Calories In Plain Pasta By Portion Size
Cooked weight tells the clearest story. A level cup of cooked spaghetti that isn’t packed weighs about 124 g and lands near 196 calories. A cup of cooked whole-wheat spaghetti weighs about 117 g and lands near 174 calories. Those figures come straight from lab-based datasets built from USDA sources.
| Pasta Type | Typical Cooked Portion | Calories |
|---|---|---|
| White Spaghetti (unenriched) | 1 cup cooked (124 g) | ~196 kcal |
| Whole-Wheat Spaghetti | 1 cup cooked (117 g) | ~174 kcal |
| Egg Noodles (enriched) | 1 cup cooked (160 g) | ~221 kcal |
| White Penne/Elbows (cooked) | 1 cup cooked (95–120 g) | ~150–210 kcal |
| Fresh Egg Pasta | 1 cup cooked (120–160 g) | ~190–230 kcal |
| Gluten-Free (rice/corn) | 1 cup cooked (120–140 g) | ~180–230 kcal |
Pick a portion that still fits your daily calorie needs. If you weigh your bowl, a simple rule helps: most plain, cooked shapes cluster around 150–170 kcal per 100 g, while egg-based dough sits a touch higher.
Cooked Vs. Dry: Why Numbers Shift
Dry pasta swells in water. Two ounces (56 g) of dry spaghetti usually turns into about a cup to a cup and a half cooked, depending on shape. That’s why per-cup calories can swing; some shapes pack tighter in the cup than others. Measuring by grams after boiling reduces that variance and makes repeats easy.
Salt in the water doesn’t change energy. Oil in the pot just rides on the surface and tends to wash off, so it won’t change the count unless you toss the noodles with oil after draining. The big change happens later when sauce, cheese, or butter go on the plate.
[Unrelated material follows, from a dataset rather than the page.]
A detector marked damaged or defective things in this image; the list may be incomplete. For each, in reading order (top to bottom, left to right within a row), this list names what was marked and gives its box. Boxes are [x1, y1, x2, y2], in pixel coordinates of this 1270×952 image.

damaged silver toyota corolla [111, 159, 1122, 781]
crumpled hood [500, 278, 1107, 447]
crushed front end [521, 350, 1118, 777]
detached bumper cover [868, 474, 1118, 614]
Plain Cooked Pasta Calories By Weight
Here’s a simple, scale-friendly view. If you portion by grams, the range stays tidy across brands. Use these as working targets for plain, drained noodles.
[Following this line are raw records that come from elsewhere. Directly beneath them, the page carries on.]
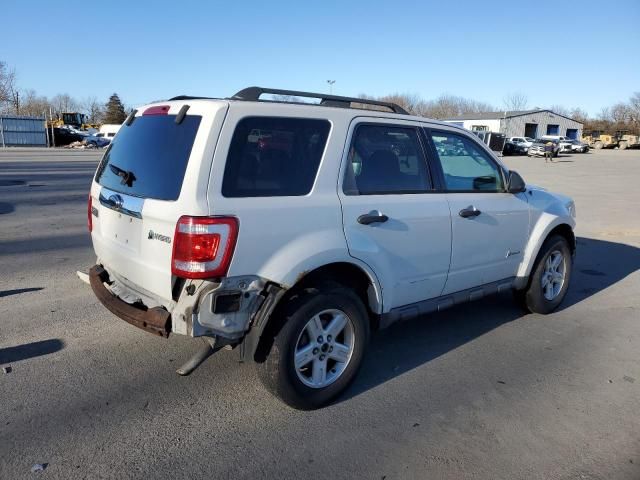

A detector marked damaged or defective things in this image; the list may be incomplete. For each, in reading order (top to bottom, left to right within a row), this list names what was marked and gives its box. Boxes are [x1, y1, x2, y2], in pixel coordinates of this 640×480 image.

damaged rear bumper [89, 266, 172, 338] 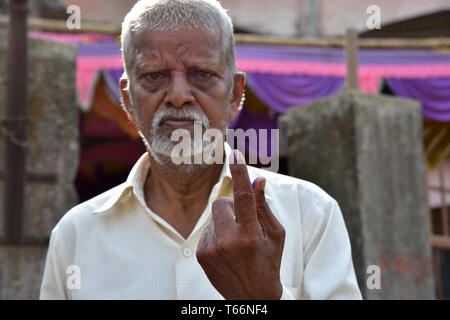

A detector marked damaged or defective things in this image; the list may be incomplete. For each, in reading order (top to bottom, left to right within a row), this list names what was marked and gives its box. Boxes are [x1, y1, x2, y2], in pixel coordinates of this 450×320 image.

rusty metal rod [3, 0, 28, 244] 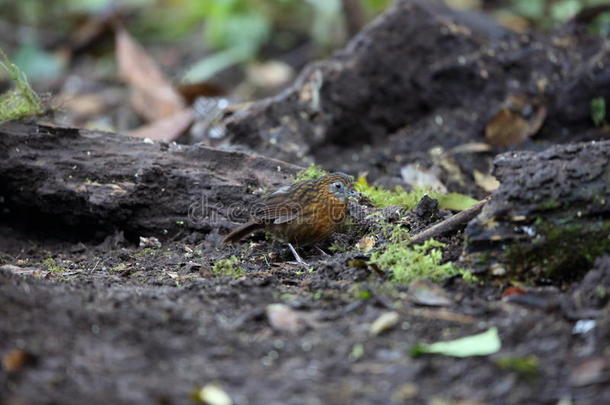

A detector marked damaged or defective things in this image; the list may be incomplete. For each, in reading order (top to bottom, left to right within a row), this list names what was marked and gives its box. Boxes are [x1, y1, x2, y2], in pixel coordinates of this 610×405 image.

rusty-breasted bird [223, 173, 356, 262] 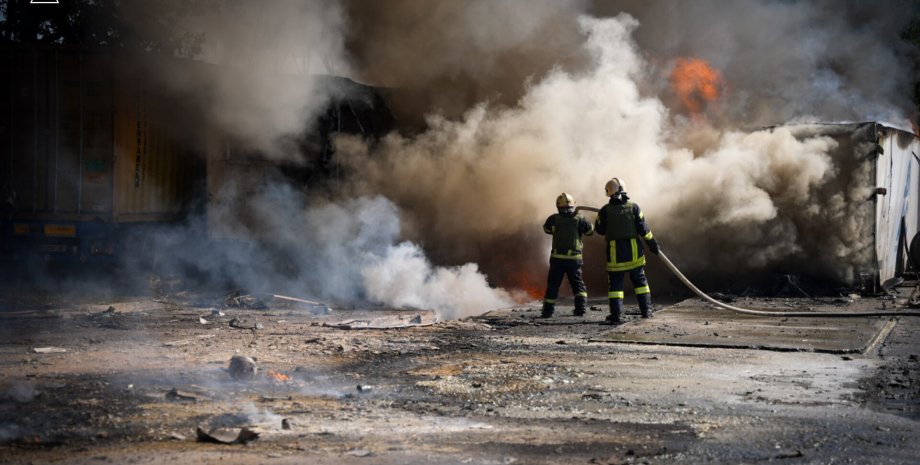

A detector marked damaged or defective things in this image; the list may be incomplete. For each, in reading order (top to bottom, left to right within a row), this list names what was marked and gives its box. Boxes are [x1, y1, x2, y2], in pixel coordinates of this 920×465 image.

damaged pavement [0, 284, 916, 462] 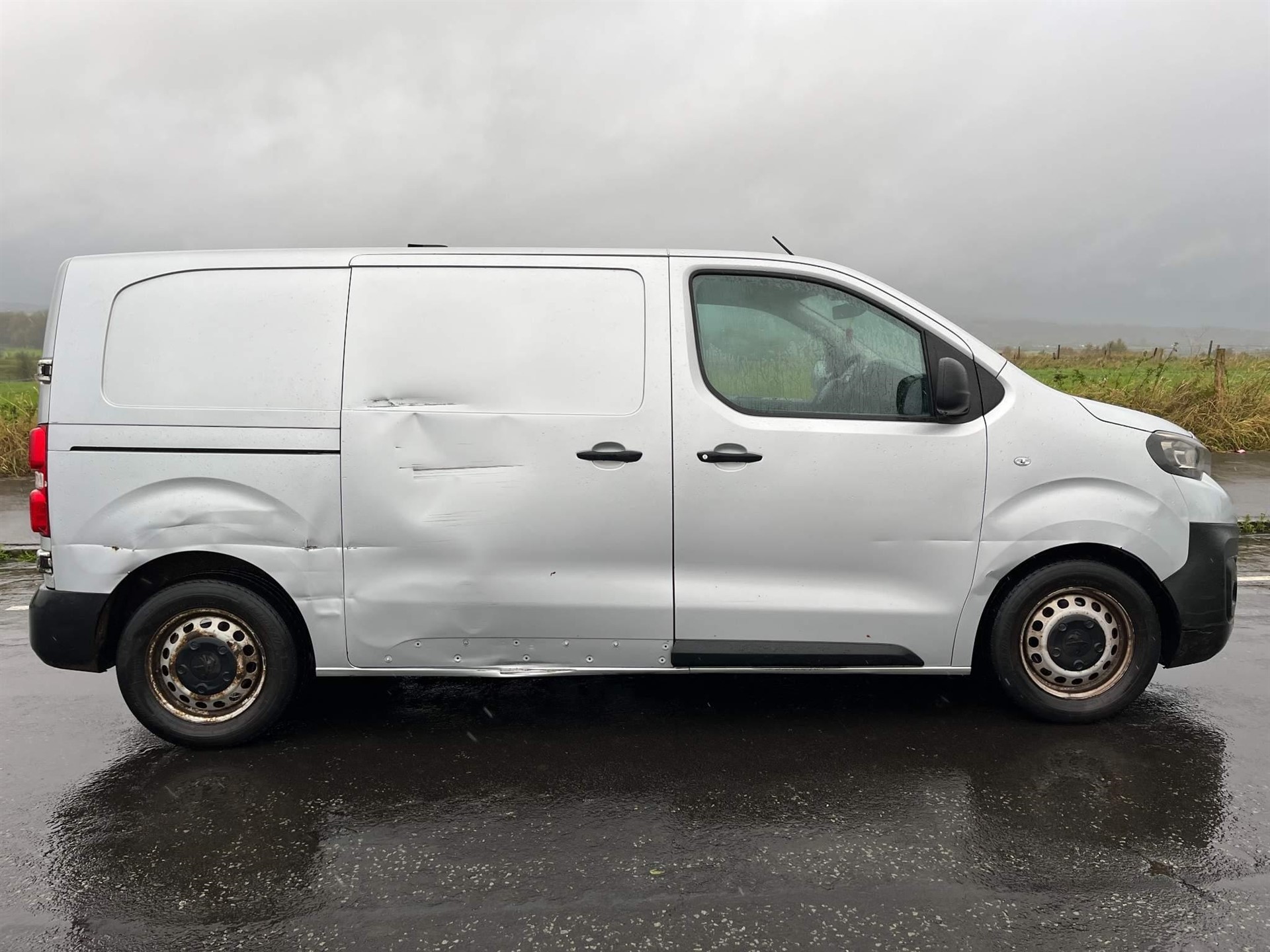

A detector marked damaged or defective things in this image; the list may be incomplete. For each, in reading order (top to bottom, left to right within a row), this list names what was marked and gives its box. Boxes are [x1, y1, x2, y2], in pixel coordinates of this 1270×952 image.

dented side panel [46, 452, 345, 665]
dented side panel [337, 257, 675, 665]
White Vs. Whole-Wheat Vs. Egg Dough
White wheat pasta and whole-grain pasta are close in energy per cooked weight. Whole-grain brings more fiber and a little more micronutrients, while egg noodles add a bit more fat and sometimes more iron from enrichment.
Evidence Snapshot
Lab values for white spaghetti show ~196 kcal per 1 cup not packed (124 g). Whole-wheat spaghetti shows ~174 kcal per 1 cup (117 g). Egg noodles around ~221 kcal per 1 cup (160 g). You can compare these with the detailed pages for spaghetti (cooked) and cooked whole-wheat pasta, which compile USDA-sourced data.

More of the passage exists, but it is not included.